**Recorded information:**
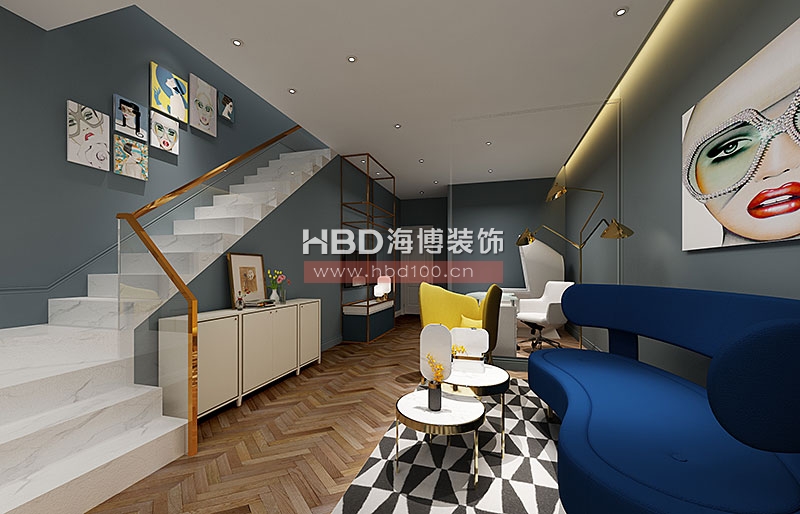 美容會所裝修設(shè)計,商場連鎖店設(shè)計,廣州裝修設(shè)計公司,美容院設(shè)計.jpg 美容會所裝修設(shè)計,商場連鎖店設(shè)計,廣州裝修設(shè)計公司,美容院設(shè)計.jpg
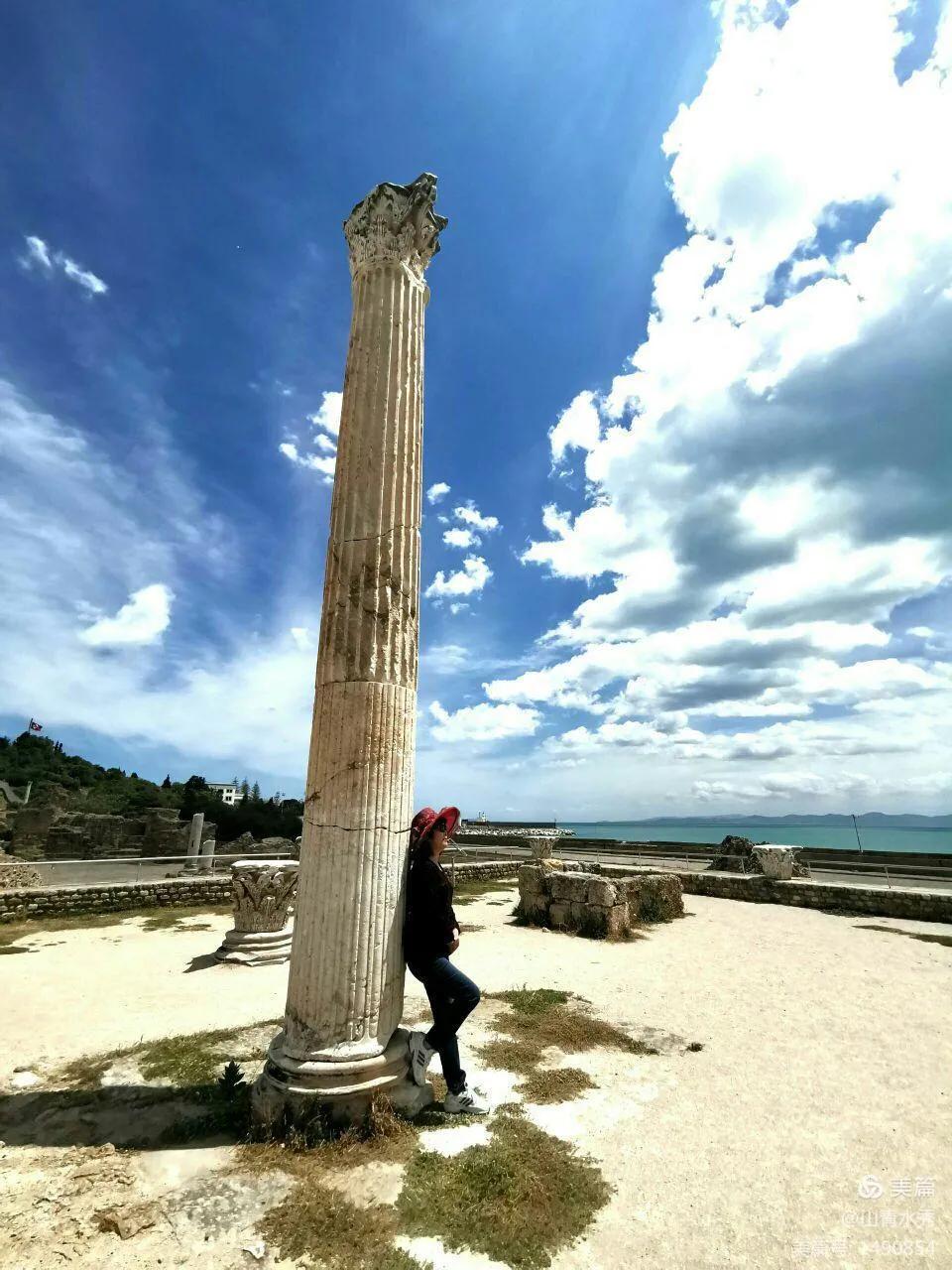 国外旅游手机可以使用吗,去国外旅游手机要开通什么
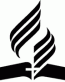 Cross Decal 41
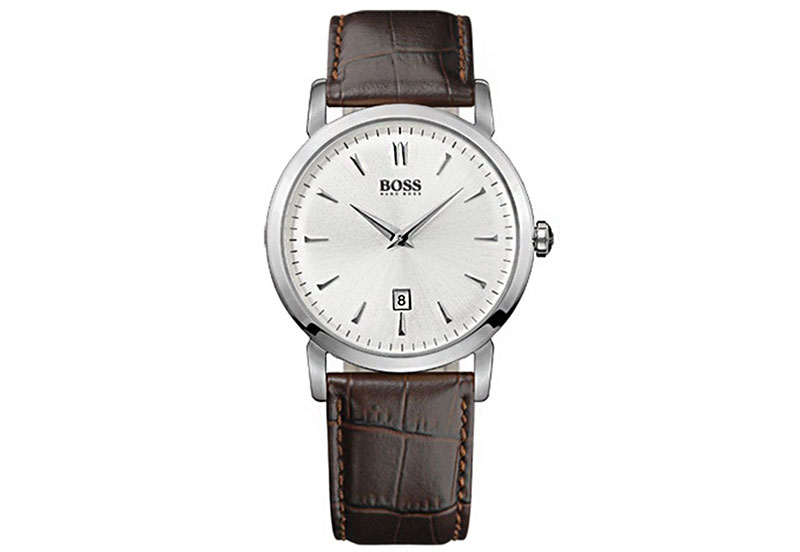 Braun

**Work order:** Give back each line above exactly, with pictures dropped.

**Final answer:**
 美容會所裝修設(shè)計,商場連鎖店設(shè)計,廣州裝修設(shè)計公司,美容院設(shè)計.jpg 美容會所裝修設(shè)計,商場連鎖店設(shè)計,廣州裝修設(shè)計公司,美容院設(shè)計.jpg
 国外旅游手机可以使用吗,去国外旅游手机要开通什么
 Cross Decal 41
 Braun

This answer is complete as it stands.